You can get that saddle here:
https://fairwheelbikes.com/index.php?main_page=product_info&cPath=19&products_id=485
It is $350!

You can get the BECKER Raod saddle for $340
Proven desgin that is comfortable and sells well!

https://sales.light-bikes.com/


----------



## Mdeth1313

DIRT BOY said:


> You can get that saddle here:
> https://fairwheelbikes.com/index.php?main_page=product_info&cPath=19&products_id=485
> It is $350!
> 
> You can get the BECKER Raod saddle for $340
> Proven desgin that is comfortable and sells well!
> 
> https://sales.light-bikes.com/



Wow- I thought the magma mg had fallen off the face of the earth-- I thought it should have, considering it came in way over its claimed weight and it hurt like hell to ride it- I guess they just jacked up the price- as the original msrp was somewhere around 199. 

I looked at the becker, but I need 1 major thing in a saddle-- recessed channel-- no channel, I go numb.


----------



## Mdeth1313

IT'S HERE! IT'S HERE- MY REPLACEMENT HAS ARRIVED! It's also 2g heavier-- bastards!
I'm gonna go install it-- edges are much smoother than the 1st one.


----------



## Mdeth1313

Just an update-- coming up on a week and the rails have held thru a couple of 20-30 mile rides, a 55 mile ride and a century (w/ some of the most horrific road conditions I've ridden recently). As advised, I backed off the torque on the rails from 6Nm to about 4.5Nm and I've had no problems.

BTW- this saddle is the most comfortable I've ever ridden-- the shape is working perfectly for me.


----------



## Mdeth1313

Ok,
here's the latest-- I'm now waiting to hear whether or not the MLD saddle is compatible w/ halfpipe/beam type seatpost clamps. Not getting into the details, but I was told not to use my ax-lightness post w/ the saddle until further notice. 
I looked at the options and I think I'm going back to my easton ec90 post-- at 300mm, it weighed in @ 155g, the ax post is 125g and I can cut a pretty decent part of the easton post down- which should get it into the low 140's, possibly the 130's. Even at 150g, that would add 25g back on the bike-- switching back to my slr kit carbonio would add over 60g back on AND the MLD is the best fitting saddle my butt has ever known. 
Never dull-- I'd consider trying another saddle, but this one works so well and the freaking bike was under 13lbs before I switched out to the mld.

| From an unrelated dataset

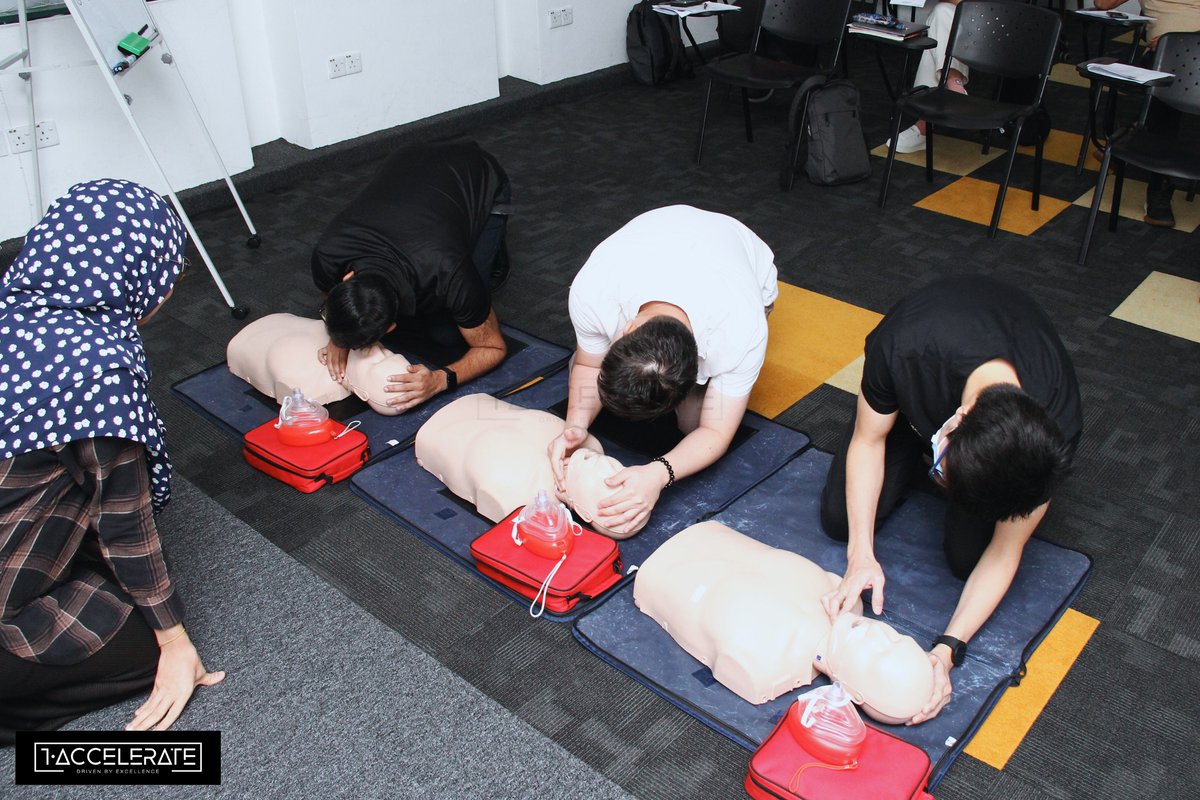 Some shots from this week's classes! 

#acls #bls #itls #firstaidtraining #firstaidcourses #1accelerate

its been interesting to say the least, but if the rails wont hold on ax and the other lw posts, it may rule it out for many folks.


----------



## Juanmoretime

I think a saddle or post change may fix it although not both. Madcow will make it right for you. Maybe start trying the AX line of saddles? An Endurance would be close!


----------



## RHankey

If one were to design a clamping device to break seat rails, I don't think one could come up with a better design than the post you appear to have. I'd be afraid to use that post with anything other than steel seat rails. I'd suggest using a post with a better seat clamp design.


----------



## Mdeth1313

RHankey said:


> If one were to design a clamping device to break seat rails, I don't think one could come up with a better design than the post you appear to have. I'd be afraid to use that post with anything other than steel seat rails. I'd suggest using a post with a better seat clamp design.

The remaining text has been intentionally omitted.